(1773–1839), educator, writer, and a central figure in the Haskalah. Yosef Perl was born in Tarnopol to a wealthy family. His father, Todros, was a wine merchant and for some time also leased the communal concession for the tax on meat. In his youth, much to the displeasure of his father, Yosef was attracted to Hasidism. He became a partner in his father’s business and later an independent tax farmer. On business trips to Vienna, Hungary, and Galicia he met many maskilim and was influenced in particular by those in Brody, especially Dov Ber Gintsburg. Perl was also inspired by Menaḥem Mendel Lefin, who for a time lived nearby.
Active in the field of education, Perl received support from the Russian authorities (before 1815) and subsequently from the Austrian government; he even earned medals of honor. In 1813, he established a school in the spirit of the moderate Haskalah in Tarnopol. He maintained this institution until his death; and the school continued to exist until World War II. It was funded by a special payment for kosher slaughter from the local community and surrounding areas and from regular annual support from the local community. From 1813 to 1815, Perl printed calendars for the school, citing didactic passages from rabbinical literature and popular science (other such calendars remained in manuscript). He also attempted in 1828 to establish an association for encouraging crafts and industry, with the aim of introducing productive economic activities into Jewish life, and he planned in 1833 to establish a rabbinical seminary in the spirit of one that had been founded in Italy. These and other plans never materialized.
Title page of Boḥen tsadik (Investigating a Righteous Man), by Yosef Perl (Prague: M. J. Landau, 1838). (YIVO)

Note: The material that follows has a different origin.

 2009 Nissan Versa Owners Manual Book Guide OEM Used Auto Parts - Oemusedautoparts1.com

Perl became a vigorous opponent of Hasidism, which he regarded as having strayed from the path of tradition, and he based his arguments on the words of the Vilna Gaon and the latter’s disciples. Perl accused Hasidim of spreading ignorance, with threatening the welfare of the state, and with deceiving the masses. His anti-Hasidic activities were stimulated by the movement’s broad expansion into Volhynia, Podolia, and Galicia. Convinced that books had the power to effect change, Perl wrote anti-Hasidic satires. He also believed that the Austrian regime was a merciful kingdom that wished to benefit the people and improve their education, and so he bombarded officials with memoranda hostile to Hasidism, hoping the authorities would suppress the movement. Most of his suggestions were rejected, and his books had only limited influence.

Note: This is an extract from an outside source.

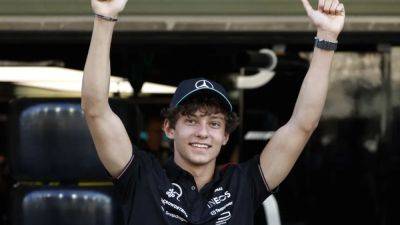 Antonelli, Hamilton's F1 replacement, passes his driving test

Perl began his literary activity in the second decade of the nineteenth century, around the time of the publication of the stories of Naḥman of Bratslav and the compilation in praise of the Ba‘al Shem Tov called Shivḥe ha-Besht. He felt that these books exemplified the pernicious doctrines of Hasidism, and wrote his own books to a large degree to oppose them. Many of his writings in German, Hebrew, and Yiddish remained unpublished during his lifetime. Their importance lies not only in their literary significance but also in the historical information and the insights they provide into his objections to Hasidism.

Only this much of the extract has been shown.